18th century hanging pocket

August 11, 2017

Hello lovelies,

hanging pockets were the handbags of the 18th century. They went underneath the skirt, which had small slits so you could actually put things in there, and was often colourfully embroidered.
I made my own with the help of Janet Arnold's book and they were a fairly easy project.

This is the pattern I worked with. Right above is the drawing from Janet Arnold's book.

The material I used for this was a medium weighed cotton fabric in white. One side has the slit (front) the other doesn't (back).
I felt that a pure white hanging pocket seemed a bit too plain for what I had in mind (wealthy commoner) and therefore I decided to embroider the pockets, but only on the front side.

Magic marker is the best for drawing on your piece of work because it vanishes with a good dose of water. The flower I drew was actually a pattern on a dress also shown in Janet Arnold's book.

All in all I worked with four different shades of green and pink. I was not sure about that at first but it really worked so well.

I really had fun doing the embroidery so I added a few more flowers and dots.
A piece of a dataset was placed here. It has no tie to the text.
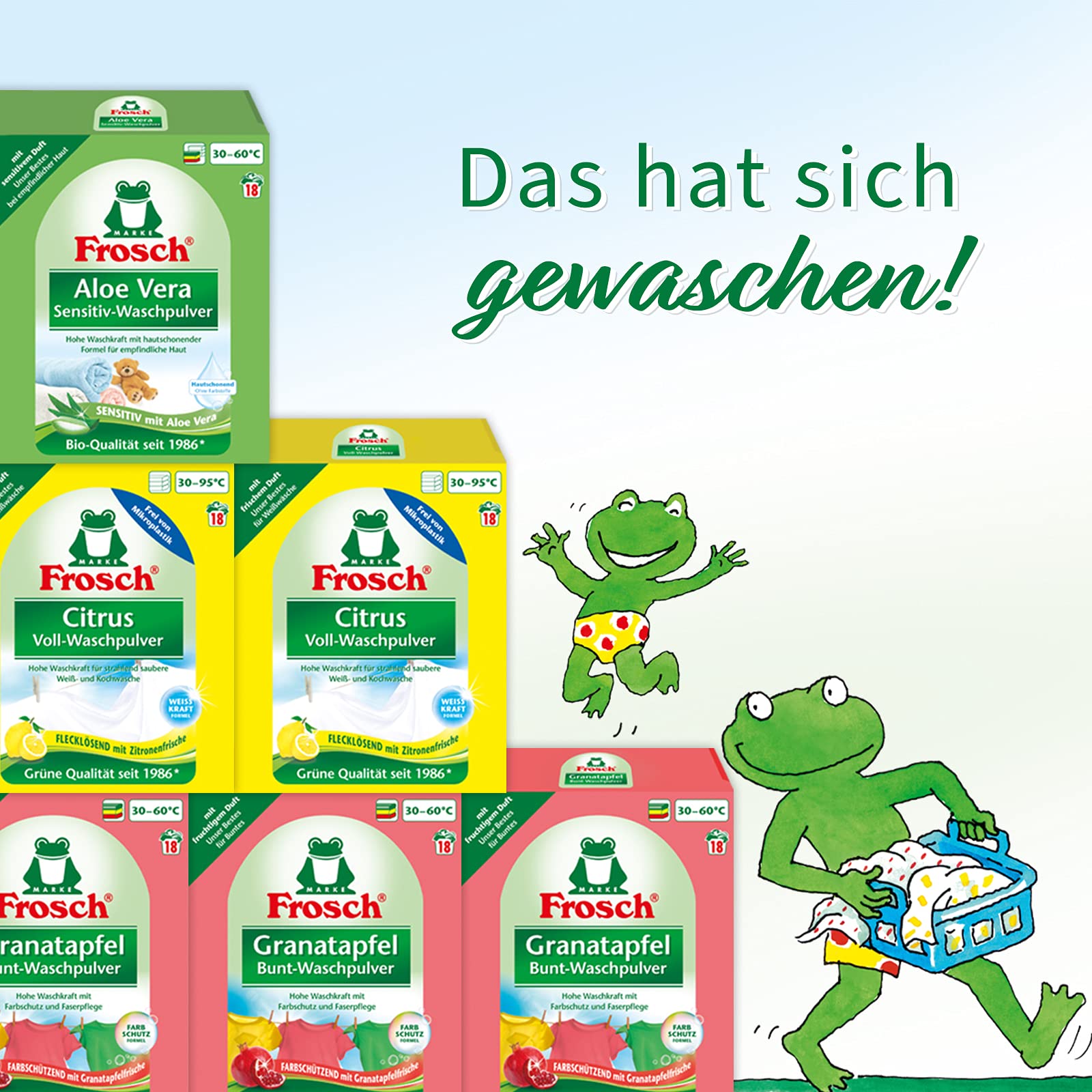Frosch Aloe Vera Sensitiv-Waschpulver 18WL, 1,35 kg : Amazon.de: Drogerie &  Krperpflege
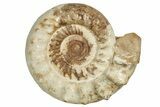 Huge, Jurassic Ammonite (Kranosphincites) Fossil - Madagascar #223796-1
 Here is the front and the back side. Before sewing them together I cut a slit into the front pocket.

The pockets are almost done now.

My next step was to sew the slits.

I am not sure it is really visible but I handstitched the slits.

The last part was to close the pocket and add the ties. 

The ties are made out of 100% linen. I wanted to use satin ribbons at first but then decided it didn't work with my commoner outfit in mind.

And here are the finished pockets:

Time needed: I made it over the span of 5 days. The embroidery was of course the most time consuming part.
Cost: only a few cents because I had to buy the linen waist ties. I had the rest from other projects.
Satisfaction: 5/5
Historically accurate: eh...I really don't know. Maybe 3/5 because I used my sewing machine for one part.